The upper section of the site with the buttress on the aisled hall is however leading to some problems. The cut of the features appear to be filled with sterile chalk, and the team are still trying to figure out whether this is fill or chalk that has been waterlogged.

For the last day on the site the team had a barbeque, with Raleigh, Caroline and Cameron. Sausages, burgers and potatoes in the dutch oven all round!

Robin the fireman checking the lunch

The marquee, tables and everything came down on Saturday, and all of the tools were shipped back in the afternoon and evening. Apologies to all for the late finish, but hopefully you all had a good time and managed to learn a few things on the way!
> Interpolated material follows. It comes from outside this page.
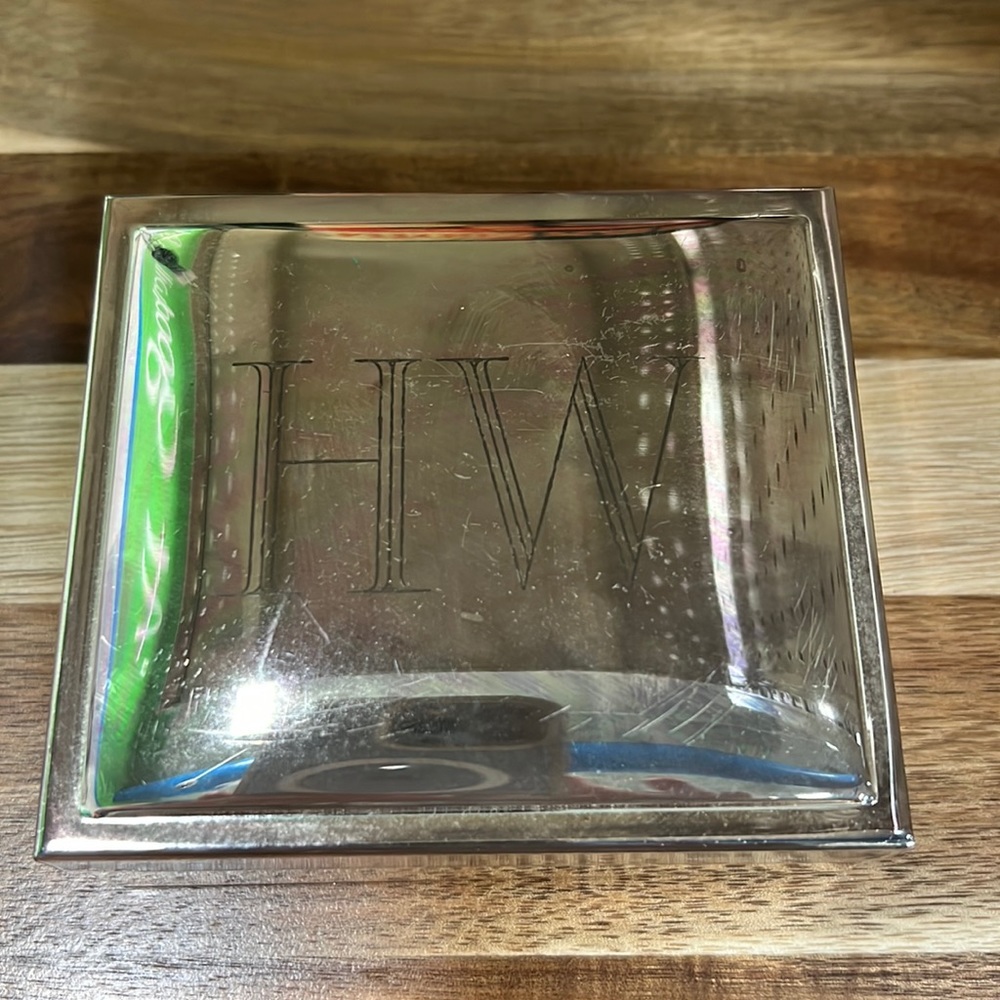 POTTERY BARN Silver Plated Keepsake Box Collectible Trinket Jewelry Engraveable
Many thanks to all of the undergraduate students and the Certificate students from the University of Southampton, and to the KHA volunteers, including Les, Rowena, Peter, Mike, Simon, Robin and Robert. Thanks also to Raleigh Place and Caroline and Cameron for permission to work again at the site. Finally a huge thanks to the supervisors, Linda, Paul, Dom and Rachel who really slaved away this season.
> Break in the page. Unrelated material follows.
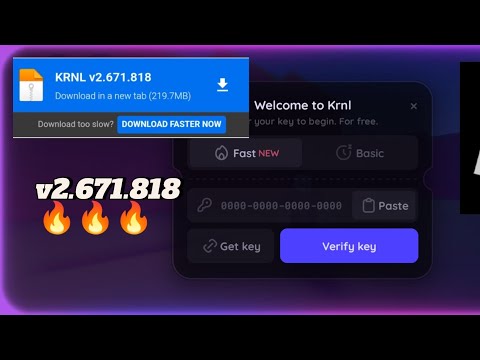 KRNL 🔥 Executor|New Update|v2.671.818|Link Mediafire💯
I will put up more on the results, finds and other images in the coming weeks and months. If any of you who worked here in September 2011 would like to comment, or attach links with you own photographs to this site, then please feel free to do so.

Raleigh, Jess and Dom


1 Comment

Filed under Kingsclere Parish Archaeological Project, Uncategorized

One response to “Tidgrove Warren Farm Fieldwork 28th September 2011 – Season Round-Up

  1. Rachel Sharland

    Another successful season even if it has raised more questions than answers. The two sets of geophysical survey have highlghted new features and the resistivity plots look particularly interesting. For those of you who didn’t get to do any geophs the north on the res plots is at the ‘bottom’ of the picture……
    As for all the digging there is still much discussion and head scratching about what constitutes natural chalk and what is redeposited…or is it a soakaway……….and alien landing pad……?! The current theory for the buttress feature on the north west corner of the aisled hall is that it could have been used as a soakaway and that the additional water is responsible for turning the chalk into a fine silty deposit.
    The great movable post-pit has once again disappeared from the clayt with flint, as is the habit of features on this site at the end of summer….one day it may be found……!
    Finally the entranceway has gone from looking like the most straightforward part of the site to the most interesting. The probablity of flints having been used as cobbles and then covered over to provide a firm and safe surface for access to the site is very interesting. The ditch looks as though it didn’t have any features cut into the natural chalk for a bridge, but the weathering of the chalk and rabbit action may have removed what could once have been very ephemeral features.

    Thankyou to everyone who worked with me on the geophysics and in trenches 6 and 9, you have all been a pleasure to work with and I hope that you learnt as much from me as I did from all of you.

    Best wishes to you all and good luck with you archaeological careers.